-- Exercise --
Where a line in the entries below contains the word "shaped", count it. Return the total alone.

↓↓↓

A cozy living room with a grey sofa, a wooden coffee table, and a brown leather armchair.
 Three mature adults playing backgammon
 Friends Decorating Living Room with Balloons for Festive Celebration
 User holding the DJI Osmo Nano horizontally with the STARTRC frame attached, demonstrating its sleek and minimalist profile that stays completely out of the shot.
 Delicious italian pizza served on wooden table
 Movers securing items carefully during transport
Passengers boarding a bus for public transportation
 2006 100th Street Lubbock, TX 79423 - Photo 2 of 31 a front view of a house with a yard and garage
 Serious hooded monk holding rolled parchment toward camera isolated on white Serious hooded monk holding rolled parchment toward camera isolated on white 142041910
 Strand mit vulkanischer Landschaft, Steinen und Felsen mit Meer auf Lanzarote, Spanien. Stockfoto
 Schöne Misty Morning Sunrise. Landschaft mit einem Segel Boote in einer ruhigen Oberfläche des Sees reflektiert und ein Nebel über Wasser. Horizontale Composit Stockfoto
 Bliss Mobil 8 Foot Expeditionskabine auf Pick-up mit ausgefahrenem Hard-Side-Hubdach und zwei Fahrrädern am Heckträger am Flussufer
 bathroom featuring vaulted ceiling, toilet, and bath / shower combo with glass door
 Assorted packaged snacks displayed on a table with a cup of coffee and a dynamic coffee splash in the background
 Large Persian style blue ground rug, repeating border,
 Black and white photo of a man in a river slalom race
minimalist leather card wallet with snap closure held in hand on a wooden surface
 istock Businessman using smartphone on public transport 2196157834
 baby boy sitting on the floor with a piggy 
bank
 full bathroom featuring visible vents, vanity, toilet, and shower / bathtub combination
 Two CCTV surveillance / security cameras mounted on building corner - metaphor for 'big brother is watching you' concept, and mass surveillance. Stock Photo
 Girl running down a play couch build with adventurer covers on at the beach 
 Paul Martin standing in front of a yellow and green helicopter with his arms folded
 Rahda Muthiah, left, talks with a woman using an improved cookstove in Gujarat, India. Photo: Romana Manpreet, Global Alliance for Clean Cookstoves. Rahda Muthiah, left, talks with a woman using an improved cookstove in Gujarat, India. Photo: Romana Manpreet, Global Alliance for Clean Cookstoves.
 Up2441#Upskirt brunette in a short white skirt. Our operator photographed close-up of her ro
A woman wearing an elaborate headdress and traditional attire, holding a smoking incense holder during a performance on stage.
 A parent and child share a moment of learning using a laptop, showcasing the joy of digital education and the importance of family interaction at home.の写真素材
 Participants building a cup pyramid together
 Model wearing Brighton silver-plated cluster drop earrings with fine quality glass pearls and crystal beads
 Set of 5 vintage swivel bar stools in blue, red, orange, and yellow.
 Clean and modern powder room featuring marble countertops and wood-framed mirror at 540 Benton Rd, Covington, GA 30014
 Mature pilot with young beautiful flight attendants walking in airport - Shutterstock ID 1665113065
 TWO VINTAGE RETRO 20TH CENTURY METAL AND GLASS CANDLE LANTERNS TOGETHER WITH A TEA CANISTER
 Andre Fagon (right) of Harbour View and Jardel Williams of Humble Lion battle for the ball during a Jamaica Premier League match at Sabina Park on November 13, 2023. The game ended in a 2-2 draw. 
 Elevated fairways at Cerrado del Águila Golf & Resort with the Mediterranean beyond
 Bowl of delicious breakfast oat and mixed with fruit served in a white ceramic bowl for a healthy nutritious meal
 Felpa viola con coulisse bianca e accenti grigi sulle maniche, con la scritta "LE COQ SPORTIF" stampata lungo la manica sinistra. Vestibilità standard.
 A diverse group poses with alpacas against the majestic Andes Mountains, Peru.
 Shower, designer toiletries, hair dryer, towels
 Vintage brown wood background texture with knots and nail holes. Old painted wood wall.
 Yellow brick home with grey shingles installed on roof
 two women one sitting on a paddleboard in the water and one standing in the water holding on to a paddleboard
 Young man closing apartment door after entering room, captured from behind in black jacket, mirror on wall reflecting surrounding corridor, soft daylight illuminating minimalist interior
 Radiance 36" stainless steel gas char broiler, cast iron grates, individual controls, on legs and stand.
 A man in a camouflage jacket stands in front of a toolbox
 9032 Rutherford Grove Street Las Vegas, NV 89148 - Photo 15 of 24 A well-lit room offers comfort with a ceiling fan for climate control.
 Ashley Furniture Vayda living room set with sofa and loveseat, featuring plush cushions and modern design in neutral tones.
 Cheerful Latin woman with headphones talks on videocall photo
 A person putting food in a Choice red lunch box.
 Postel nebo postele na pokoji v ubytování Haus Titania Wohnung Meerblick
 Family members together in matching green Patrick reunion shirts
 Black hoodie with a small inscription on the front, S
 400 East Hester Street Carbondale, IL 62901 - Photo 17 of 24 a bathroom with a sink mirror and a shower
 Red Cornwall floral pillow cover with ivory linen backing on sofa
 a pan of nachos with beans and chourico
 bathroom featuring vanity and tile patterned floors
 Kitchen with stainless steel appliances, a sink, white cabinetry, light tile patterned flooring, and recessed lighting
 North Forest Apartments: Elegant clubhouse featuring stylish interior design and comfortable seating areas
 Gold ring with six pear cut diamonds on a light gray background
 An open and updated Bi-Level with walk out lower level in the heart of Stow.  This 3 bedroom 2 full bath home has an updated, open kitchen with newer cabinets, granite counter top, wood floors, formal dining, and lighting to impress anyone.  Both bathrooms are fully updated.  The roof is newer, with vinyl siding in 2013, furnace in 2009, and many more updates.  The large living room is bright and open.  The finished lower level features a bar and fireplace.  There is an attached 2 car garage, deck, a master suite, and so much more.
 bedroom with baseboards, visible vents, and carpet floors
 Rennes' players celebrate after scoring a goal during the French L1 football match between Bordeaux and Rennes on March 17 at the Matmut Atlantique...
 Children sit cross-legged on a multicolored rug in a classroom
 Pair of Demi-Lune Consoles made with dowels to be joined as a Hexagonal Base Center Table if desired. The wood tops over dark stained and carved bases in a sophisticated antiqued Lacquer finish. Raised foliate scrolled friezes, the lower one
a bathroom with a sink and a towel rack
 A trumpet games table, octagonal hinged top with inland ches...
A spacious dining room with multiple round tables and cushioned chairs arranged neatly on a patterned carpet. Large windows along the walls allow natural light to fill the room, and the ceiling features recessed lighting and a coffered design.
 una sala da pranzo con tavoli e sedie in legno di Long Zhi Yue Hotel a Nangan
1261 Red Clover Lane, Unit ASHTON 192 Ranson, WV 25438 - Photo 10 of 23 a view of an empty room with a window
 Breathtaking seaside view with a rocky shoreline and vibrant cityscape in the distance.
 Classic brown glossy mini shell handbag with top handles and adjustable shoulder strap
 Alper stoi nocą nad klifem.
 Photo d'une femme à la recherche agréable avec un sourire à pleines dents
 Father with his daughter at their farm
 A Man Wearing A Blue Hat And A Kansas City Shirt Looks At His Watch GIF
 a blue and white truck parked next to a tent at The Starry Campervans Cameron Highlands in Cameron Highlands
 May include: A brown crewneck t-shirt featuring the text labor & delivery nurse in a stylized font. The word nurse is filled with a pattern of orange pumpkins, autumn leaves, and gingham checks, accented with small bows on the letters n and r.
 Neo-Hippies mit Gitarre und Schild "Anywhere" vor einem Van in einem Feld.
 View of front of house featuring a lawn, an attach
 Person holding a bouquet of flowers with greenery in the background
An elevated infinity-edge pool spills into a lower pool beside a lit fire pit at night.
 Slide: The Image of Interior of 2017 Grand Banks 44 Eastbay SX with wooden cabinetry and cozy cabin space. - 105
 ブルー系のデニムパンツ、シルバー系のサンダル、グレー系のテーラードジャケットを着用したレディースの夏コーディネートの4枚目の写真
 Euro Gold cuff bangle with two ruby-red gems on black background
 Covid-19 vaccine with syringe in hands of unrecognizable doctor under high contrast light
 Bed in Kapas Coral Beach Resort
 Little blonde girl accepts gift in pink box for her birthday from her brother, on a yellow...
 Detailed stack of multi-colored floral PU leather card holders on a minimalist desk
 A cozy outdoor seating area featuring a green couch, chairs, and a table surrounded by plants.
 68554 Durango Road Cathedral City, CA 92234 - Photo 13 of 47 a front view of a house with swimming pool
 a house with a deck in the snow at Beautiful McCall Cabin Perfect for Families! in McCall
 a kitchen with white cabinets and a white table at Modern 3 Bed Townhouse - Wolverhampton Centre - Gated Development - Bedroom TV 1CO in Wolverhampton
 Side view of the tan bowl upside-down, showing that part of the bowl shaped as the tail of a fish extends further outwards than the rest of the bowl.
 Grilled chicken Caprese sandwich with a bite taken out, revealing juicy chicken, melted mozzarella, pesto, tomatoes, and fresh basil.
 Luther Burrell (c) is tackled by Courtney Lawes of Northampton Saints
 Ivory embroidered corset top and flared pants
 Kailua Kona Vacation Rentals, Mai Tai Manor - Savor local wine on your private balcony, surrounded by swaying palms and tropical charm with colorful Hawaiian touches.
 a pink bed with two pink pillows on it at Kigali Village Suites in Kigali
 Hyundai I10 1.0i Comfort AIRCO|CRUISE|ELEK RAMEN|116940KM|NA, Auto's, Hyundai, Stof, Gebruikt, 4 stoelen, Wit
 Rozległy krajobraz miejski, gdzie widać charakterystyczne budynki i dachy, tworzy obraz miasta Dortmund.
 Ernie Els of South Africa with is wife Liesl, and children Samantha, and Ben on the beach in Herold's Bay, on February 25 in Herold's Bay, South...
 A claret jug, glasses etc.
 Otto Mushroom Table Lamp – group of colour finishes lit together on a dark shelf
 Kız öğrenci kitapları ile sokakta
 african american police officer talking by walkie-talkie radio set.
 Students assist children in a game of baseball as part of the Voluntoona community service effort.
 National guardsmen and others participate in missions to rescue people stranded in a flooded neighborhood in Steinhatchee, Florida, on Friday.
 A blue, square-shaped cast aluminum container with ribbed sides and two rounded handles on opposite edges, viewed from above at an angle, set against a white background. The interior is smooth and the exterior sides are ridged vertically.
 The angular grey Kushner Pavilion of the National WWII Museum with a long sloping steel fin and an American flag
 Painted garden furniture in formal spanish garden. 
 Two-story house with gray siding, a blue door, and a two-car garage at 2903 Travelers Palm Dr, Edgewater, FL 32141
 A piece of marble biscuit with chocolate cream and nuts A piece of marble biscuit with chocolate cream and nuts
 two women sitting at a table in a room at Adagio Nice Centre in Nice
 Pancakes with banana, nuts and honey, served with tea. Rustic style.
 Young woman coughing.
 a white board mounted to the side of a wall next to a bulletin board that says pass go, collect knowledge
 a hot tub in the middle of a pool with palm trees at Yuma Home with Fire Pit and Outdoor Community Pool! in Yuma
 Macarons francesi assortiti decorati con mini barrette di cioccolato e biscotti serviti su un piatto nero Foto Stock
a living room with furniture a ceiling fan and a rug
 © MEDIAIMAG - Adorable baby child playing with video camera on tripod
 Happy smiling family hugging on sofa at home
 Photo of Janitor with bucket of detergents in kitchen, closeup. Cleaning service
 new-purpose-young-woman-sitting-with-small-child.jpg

↑↑↑

-- Exercise output --
2